Yes, Biden is feeble and highly unpopular for doing a horrific job over the past four years, but he does bring some advantages to the November race, apart from Trump’s manifold legal woes.
Much of it involves money and possibly until now Trump’s difficulty in raising it from GOP megadonors.
Consider what I first reported last week: Billionaire Citadel investment chief Ken Griffin, who had backed Nikki Haley during the primaries, is likely sitting out the presidential election because he’s not a fan of Trump’s 2020 election denialism and divisiveness, people close to him tell me.
Griffin is said to be focusing his dough on Senate seats since the GOP has a decent chance of winning the upper chamber and some House races.
Another billionaire GOP donor, Steve Schwarzman of the Blackstone group private equity firm, hasn’t decided what he might do in the presidential race and that’s telling because he was once close to Trump and served on his business advisory council.
He, too, is concerned by Trump’s style.
But polls do matter to the GOP money men (and women) — they work in big business and finance, so they have a vested interest in cozying up to a Trump regulatory state.
When you combine better Trump polling with Biden’s political and policy faults, it is just easier for the Republican donor class, once reluctant to embrace Trump, to make amends with him, several have recently told me.
I can’t tell you if Griffin will ever have a change of heart or Schwarzman will come back into Trumpland; they are certainly no fans of the Biden status quo and Trump will be wooing them.
But increasingly, many other Trump-hating GOP money guys believe a second Biden term would mark a dangerous turning point for the country, not just because he might not make it and we will have a ninny like Kamala Harris running the show.
They believe Biden, if given four more years, will fully embrace his inner progressive.
No tax rate will be high enough; Israel will be forced to capitulate to terrorists because he’s so beholden to the left wing of his party.
“I see GOP donors who personally hated Trump saying they’re coming back into the fold,” said one high-rolling Republican donor who was courted to throw a couple hundred grand to the Donald’s Palm Beach fundraiser hosted by hedge funder John Paulson.
“Based on what I’m seeing in terms of who’s giving money, the Palm Beach thing will be a blowout. If the trends continue, money won’t be a problem for Trump, trust me on this.”
Saturday’s event is expected to bring in at least $43 million.
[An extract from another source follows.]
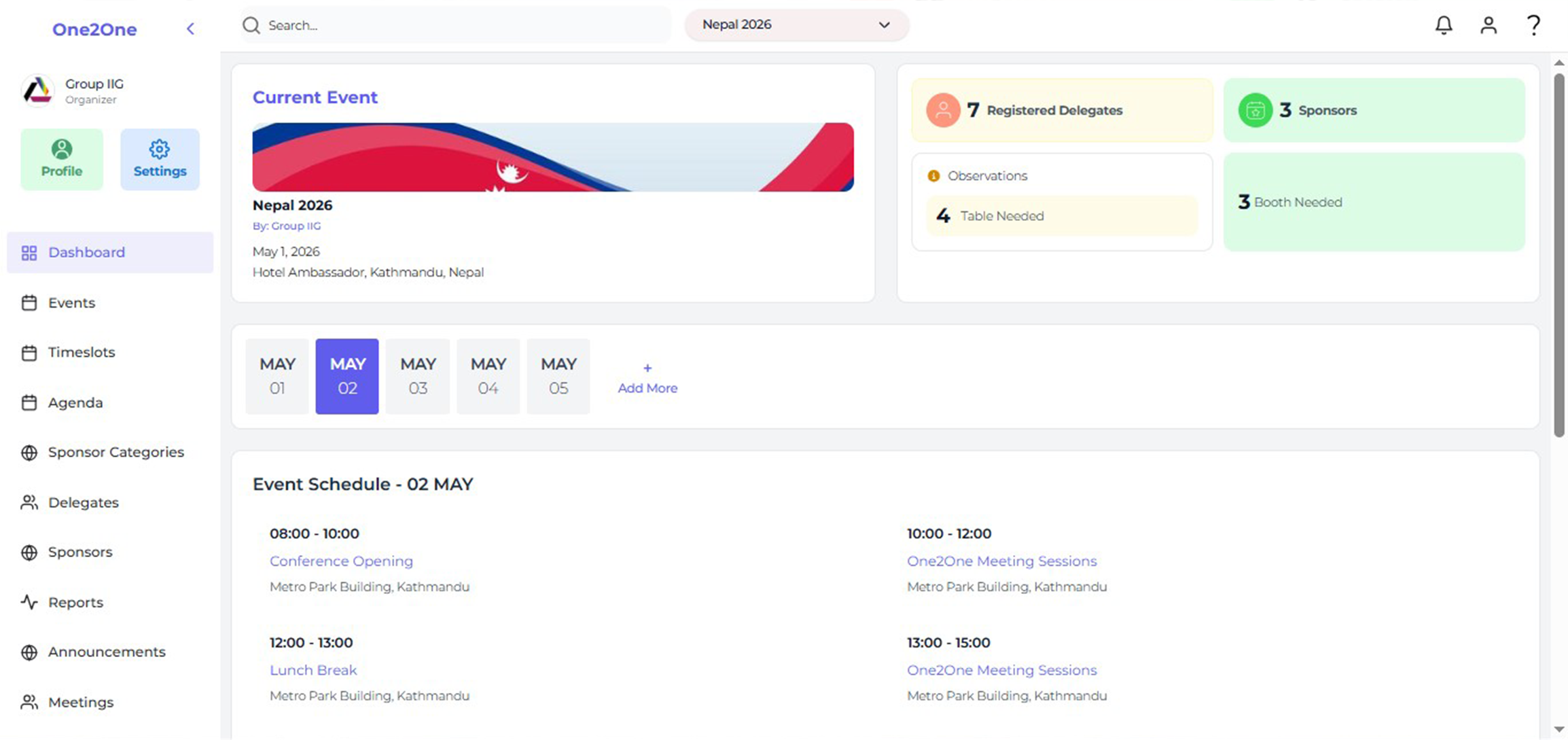 Event Organizer Dashboard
That would be nearly twice the haul Biden had for his tone-deaf money grab two weeks ago at Radio City Music Hall, where Sleepy Joe & Co (Bill Clinton, Barack Obama, Stephen Colbert emceeing) raised around $26 million, clogged up traffic in Midtown, and dissed New York’s Finest who were mourning the death of Jonathan Diller, the NYPD officer slain while making a routine traffic stop.
Bad optics
The Biden-Radio City powwow was held the same day as Diller’s wake.
Yes, horrible optics and limousine liberalism at its worst.
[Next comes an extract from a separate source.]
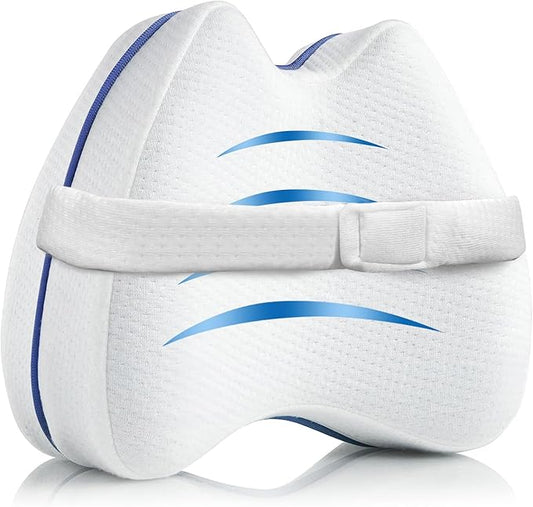 QISHFEN Knee & Leg Pillows Foam Support Pillow for Sleeping for Back Pain,Leg Pillow for Sleeping On Side, Memory Foam Cushion Knee Support Pillows,Pregnancy Pillow Removable (with Strap)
But it did underscore the differences between the two major parties and the two men running them.
While Biden was whooping it up, Trump attended Diller’s wake, speaking forcefully about the need to control the crime that has ravaged major cities run by lefty-Dem prosecutors and public officials looking to defund the police and empty the jails.
“That was brilliant counterprogramming by Trump,” said another Trump-skeptic GOP political adviser.
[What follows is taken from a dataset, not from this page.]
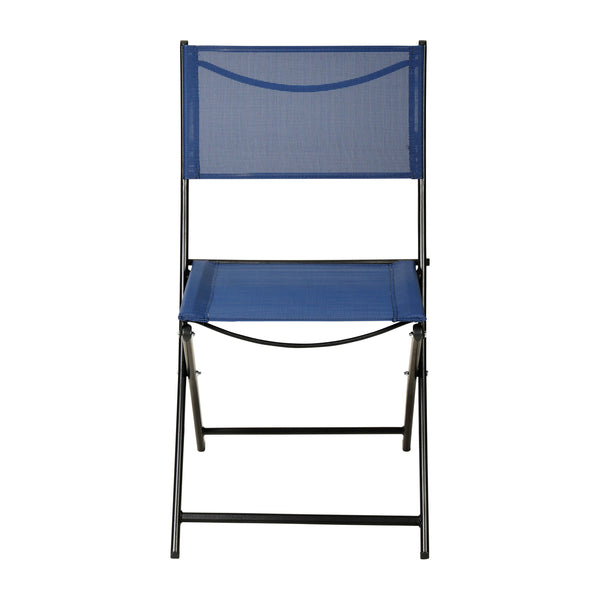 Navy |#| 2 Pack Commercial Outdoor Flex Comfort Folding Chair with Metal Frame in Navy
Knowing what I know about Trump — the ugly side and the side that is very good — I believe counterprogramming wasn’t his real motivation for attending.
Biden, the moderate-turned-progressive, is the least authentic major politician in America; when he’s not raging over relatively little, he’s fumbling his lines.
When he’s not fumbling his lines, he’s reading them robotically.
Trump is authenticity on steroids and doesn’t need a shot of Adderall to make it through a State of the Union speech or attend a wake and speak from the heart.
You can tell he meant it when he said that Officer Diller’s killing “was sad, horrible in so many ways,” paid tribute to Diller’s wife, family and scores of the NYPD’s Finest who attended the service — while vowing to sign legislation that imposes the death penalty on anyone who murders a cop, and ending the lunacy of the defund movement, all the soft-on-crime policies advocated by the party of Biden.
Sure, the GOP money guys have their misgivings about the orange man, but those words are going a long way to bringing them back because the alternative is so much worse — as the last four years have demonstrated.